Nell Abram: Voters in Missouri further chipped away at voting rights this election when they approved Amendment 6. What does the amendment say and why update the state’s constitution?
Denise Leiberman: Amendment 6 amends our state constitution to weaken the protections it contains for voting so that lawmakers will have permission to implement restrictive voting laws, like a photo ID requirement to vote. The reason we had to place a constitutional amendment on the ballot is because a photo ID requirement to vote is currently unconstitutional in the state of Missouri. Courts here found that such a requirement violated Missourians right to vote.
NA: Some people say: “What’s the problem? So you have to show a government ID to vote. Get one.” Your response?
DL: Well, many people are unable to obtain a state-issued photo ID. In fact, 220,000 current, valid voters in the state of Missouri – voters who have identification, since Missouri already requires all voters to show ID – these are voters who are valid, eligible voters, who have been voting with no problems, who have identification, who do not have a state-issued photo ID to cast a ballot. And for those voters it may be difficult, if not impossible, to obtain one. For people who do not have the underlying documents necessary to get a state ID, like a certified birth certificate, they will be unable to comply. For some people, those documents simply don’t exist, so it doesn’t matter how much help you get. But for others, they may have to undertake significant bureaucratic hurdles, go to multiple government offices, request documentation from other states, and for voters whose underlying documents have discrepancies or errors, that can be an exercise in futility, it can be very time consuming, and very costly.
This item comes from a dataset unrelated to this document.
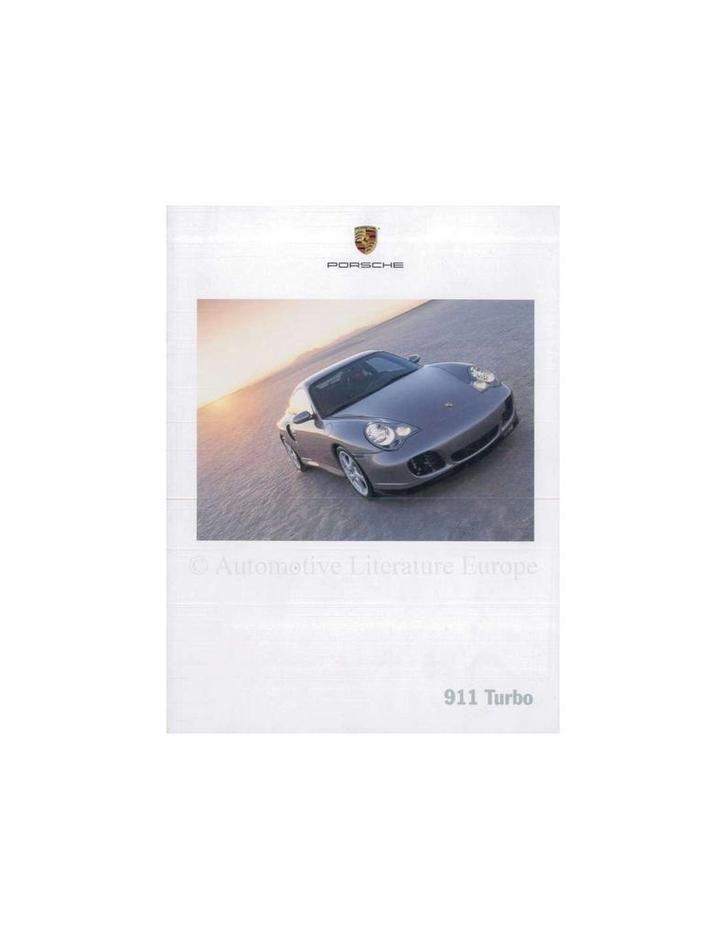 2000 PORSCHE 911 TURBO BROCHURE ENGELS (US), Boeken, Auto's | Folders en Tijdschriften, Porsche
NA: And who are these voters?
DL: Senior citizens, whose IDs may be expired, would no longer be able to use those IDs. We know students, who may not have driver’s licenses but have valid student identification, would be affected. People with disabilities and other people who live in big cities, who don’t drive. And we know that voters of color are far more likely to be affected than other voters. In fact, in Missouri, African Americans are twice as likely to lack a state-issued photo ID than other voters. And we know that working families are more likely to be affected, people who don’t have flexibility in their job schedules to get to the numerous offices required to get these forms of ID. Most DMV offices are not open evenings and weekends, so that means people have to take time off work and lose a day’s pay. People who don’t have access to transportation are going to have to find a means of transportation to get to these multiple offices. And for people who work hourly wage jobs, for people who are taking care of children or elderly parents, who don’t have that kind of flexibility or don’t have the funds to procure all the underlying documentation, or get to all of these places, or can’t afford to lose a day’s pay, they’re simply not going to be able to participate in the future.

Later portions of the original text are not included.